À LA RECHERCHE DE NOUVELLES VALEURS

Enquête | publié le : 01.03.2003 | Anne Fairise, Frédéric Rey

Pas de fusion sans charte des valeurs pour susciter l'adhésion à la nouvelle entité. Mais ce n'est qu'un préalable, car les cultures d'origine sont tenaces. Si penser que l'intégration se fera d'elle-même est illusoire, minimiser les différences est imprudent.

« Toute tribu a besoin d'un totem qui la fédère. » Dès l'annonce, en novembre 2002, du rachat de KPMG Consulting France, la direction de Syntegra a arrêté la date à laquelle elle dévoilerait le sien : la SSII a donné rendez-vous fin janvier aux 650 salariés pour célébrer leur entrée dans le top 10 du conseil français et, surtout, présenter le projet de l'entreprise, l'architecture du futur ensemble et… les valeurs le caractérisant. Mais pas question « de se contenter des seuls transparents » pour les expliquer. Syntegra y a ajouté un concert très particulier. Sur la scène du cirque d'Hiver, cinq musiciens, pour autant de valeurs. Derrière l'alto ? entendre « l'excellence et le professionnalisme ». Le violon ? « l'entrepreneuriat ». La harpe ? « le plaisir »… « Un instrument peut en étouffer un autre ou le mettre en valeur. L'intérêt, c'est d'interpréter ensemble la partition », résume Valérie Mellul, la DRH. Cette métaphore musicale, les ingénieurs informatiques de Syntegra et les consultants de KPMG l'ont emportée avec eux, sous la forme d'un CD, Concerto de talents. Un morceau devenu, depuis, musique d'attente sur les standards téléphoniques des deux sociétés, qui se retrouveront, au printemps, sous un même toit à la Défense.

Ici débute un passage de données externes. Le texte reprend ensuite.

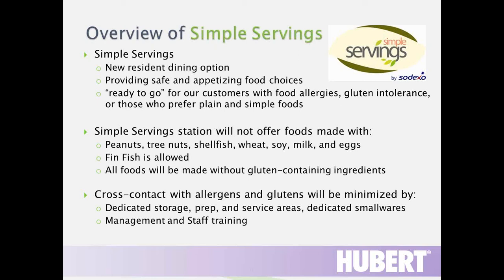The station is also popular among students who just like plain, simple food, and even students with type 1 diabetes who need to account for carbohydrate servings. At Simple Servings, we don't offer any foods made with peanuts, tree nuts, shellfish, wheat, soy, milk, eggs, or gluten. We do allow fin fish — that's the only one of the Big 8 we allow. In addition to purchasing correct foods, we pay a lot of attention to cross-contact: dedicated storage, dedicated prep areas, and service areas.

Anecdotique ? Loin de là. Pas une fusion d'entreprises ni une acquisition qui ne soient célébrées sans que la nouvelle direction n'enjoigne au top management de plancher rapidement sur une charte de valeurs partagées, nouvel étendard culturel. En 1999, la BNP et Paribas fusionnent pour créer une seule entité, propulsée deuxième banque de la zone euro avec 85 000 salariés répartis dans 87 pays. En 2000, Michel Pébereau, P-DG et artisan du rapprochement, envoie à Rome 80 cadres dirigeants, responsables de pôles ou de métiers, réfléchir aux valeurs cimentant le mariage entre la banque de détail récemment privatisée, au fonctionnement encore administratif, et sa consœur du monde des affaires. Une occasion unique, rappelle la DRH, pour « se débarrasser de l'image d'institution financière un peu poussiéreuse » et inscrire dans le marbre le tournant vers « un groupe de service bancaire, assis sur une culture du résultat ». « Engagement, ambition, créativité, réactivité » : voilà les nouvelles « Tables de la Loi » ciselées à Rome pour les incarner. « Ces valeurs correspondent à ce que nous sommes et à ce vers quoi nous voulons tendre », souligne Antoine Sire, directeur de la communication, chargé à l'époque de relayer le message vers des services s'ignorant encore passablement.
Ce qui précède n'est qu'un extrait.